Dual-Plane Control for Desktop Agent Swarms — HTTP Terminal Hosts and Accessibility Automation (VCC)

Abstract

We describe how the VibeSwarm stack splits agent-driven control into two deliberate planes. The first plane is a loopback HTTP control server in the desktop shell that exposes PTY lifecycle and stdin writes (list terminals, create sessions, write bytes, resize). The second plane is VCC, a Rust CLI that drives macOS Accessibility and HID to operate browsers and native UIs when PTY APIs are insufficient. We explain why these layers are kept separate, how the VibeSwarm CLI maps to host endpoints, and where gaps remain (scrollback over HTTP, agent-targeted PTY routing). This is operational architecture from an active codebase, not a benchmark.

Introduction

Autonomous coding agents need two different kinds of “hands.” Sometimes the work is entirely inside a shell: run tests, call package managers, tail logs. Sometimes the work is in a GUI: a browser with a third-party dashboard, a desktop IDE panel that does not expose a clean API, or a consent screen. The VibeSwarm / WebMCP research tree implements both paths without pretending they are the same primitive.
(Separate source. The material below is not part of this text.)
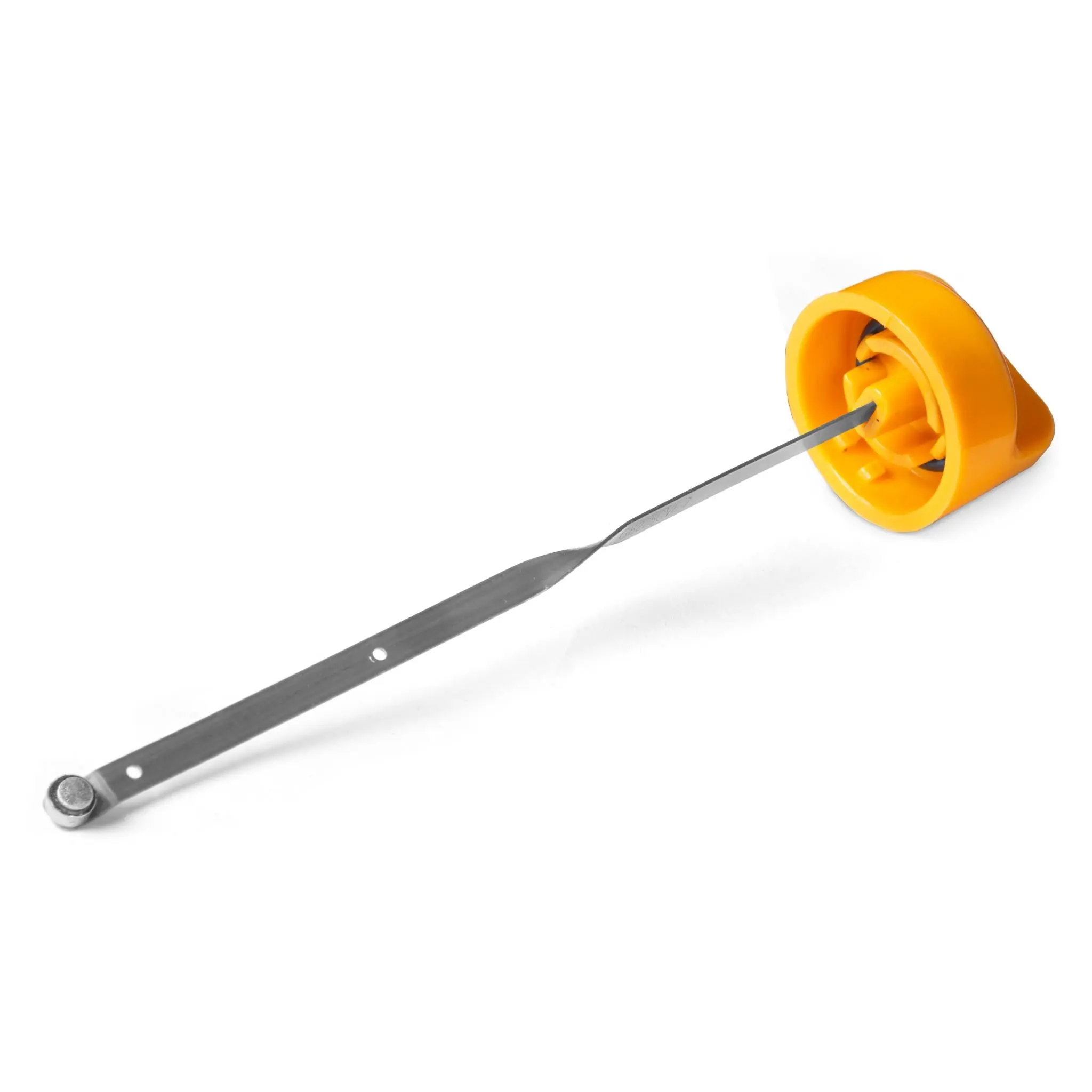 WEN GNA680 Quarter-Turn Magnetic Metal Oil Dipstick, Engine Maintenance Tools for WEN DF680iX and DF500iX Generators, Shavings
The HTTP terminal host plane

The desktop application exposes a control server on loopback. Client code — including the vibeswarm CLI — calls JSON endpoints for health checks, swarm state, and terminal operations. Representative CLI surface names include host probe, host terminals-list, host terminal-create, host terminal-write, and related resize/visibility commands. Those commands are thin HTTP clients over the same actions the UI uses to spawn PTY-backed sessions.

Design intent: keep terminal automation on a stable, testable network boundary. Scripts and agents can integrate without driving the Accessibility stack. The product spec explicitly marks “headless and scripted control” as a vibeswarm concern distinct from HID.

Current limits (documented in-repo): server-side scrollback for arbitrary “read last N lines” is not universally exposed over HTTP; output is primarily streamed to the embedded webview. Multicast “send to all agent terminals” is still a gap relative to the checklist. These limits matter when judging what agents can do with HTTP alone.

The VCC plane (Accessibility / HID)

VCC is the recommended tool when the target is not a PTY. The documented loop is: locate the right window, list windows with URLs when needed, prefer read-page, narrow with lookup before heavy discover, then act with click, type, or key. Session identifiers isolate discovery caches when multiple agents run.

Chrome-specific enhancements such as DOM innerText line deltas (chrome-diff) are explicitly not OCR; they reduce cost versus vision-only approaches. Geometry and OCR-style extras are treated as opt-in per session.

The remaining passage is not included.